- **What to produce**: Give back the records below verbatim, please, but without a single image.

*** Data under study ***

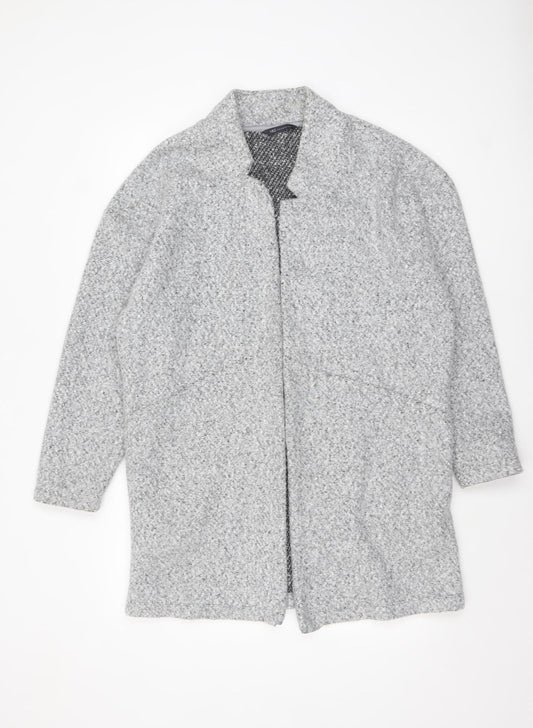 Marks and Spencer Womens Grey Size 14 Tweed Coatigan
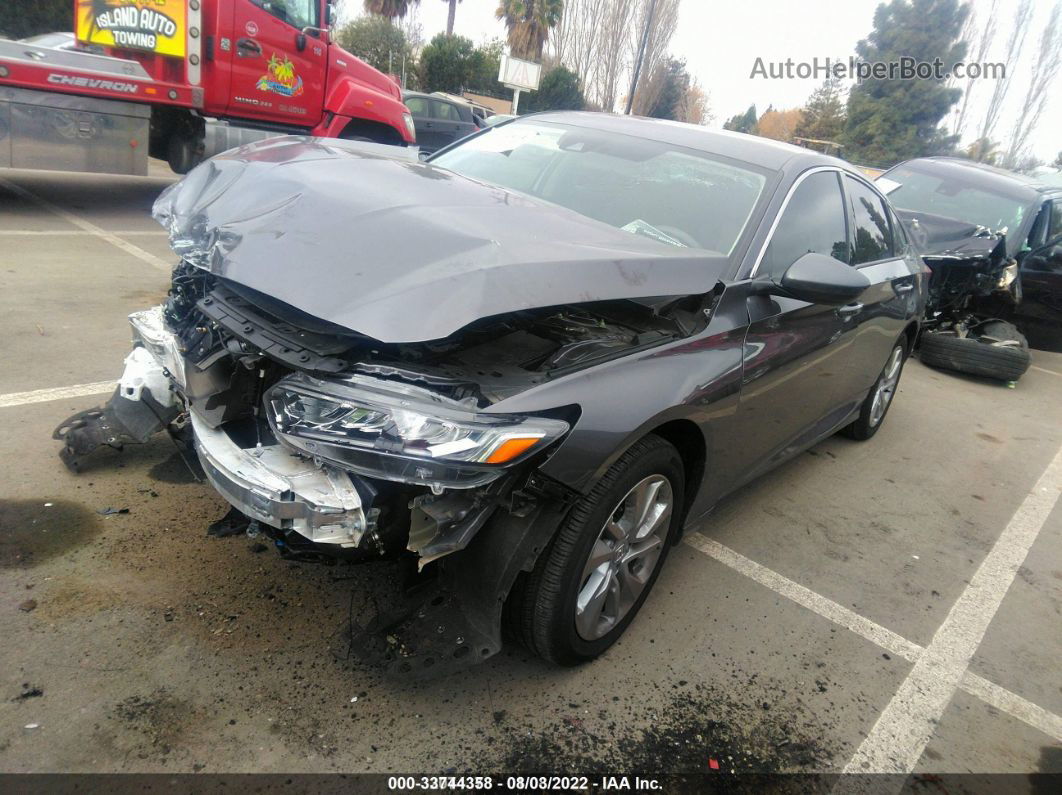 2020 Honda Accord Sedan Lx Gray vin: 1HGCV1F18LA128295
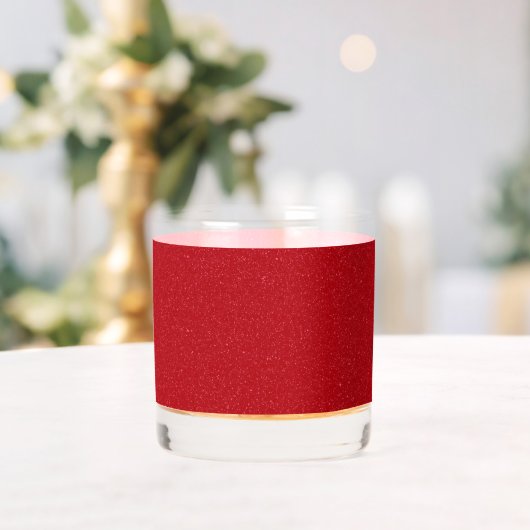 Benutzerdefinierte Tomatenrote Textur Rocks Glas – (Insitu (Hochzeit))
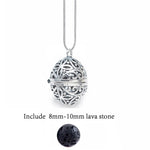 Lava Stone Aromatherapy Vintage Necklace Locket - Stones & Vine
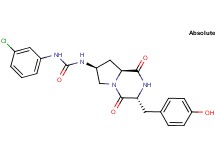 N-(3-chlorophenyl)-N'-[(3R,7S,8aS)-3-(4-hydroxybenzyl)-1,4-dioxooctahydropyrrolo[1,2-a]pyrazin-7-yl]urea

*** End of Data under study ***

- **Result**:
 Marks and Spencer Womens Grey Size 14 Tweed Coatigan
 2020 Honda Accord Sedan Lx Gray vin: 1HGCV1F18LA128295
 Benutzerdefinierte Tomatenrote Textur Rocks Glas – (Insitu (Hochzeit))
 Lava Stone Aromatherapy Vintage Necklace Locket - Stones & Vine
 N-(3-chlorophenyl)-N'-[(3R,7S,8aS)-3-(4-hydroxybenzyl)-1,4-dioxooctahydropyrrolo[1,2-a]pyrazin-7-yl]urea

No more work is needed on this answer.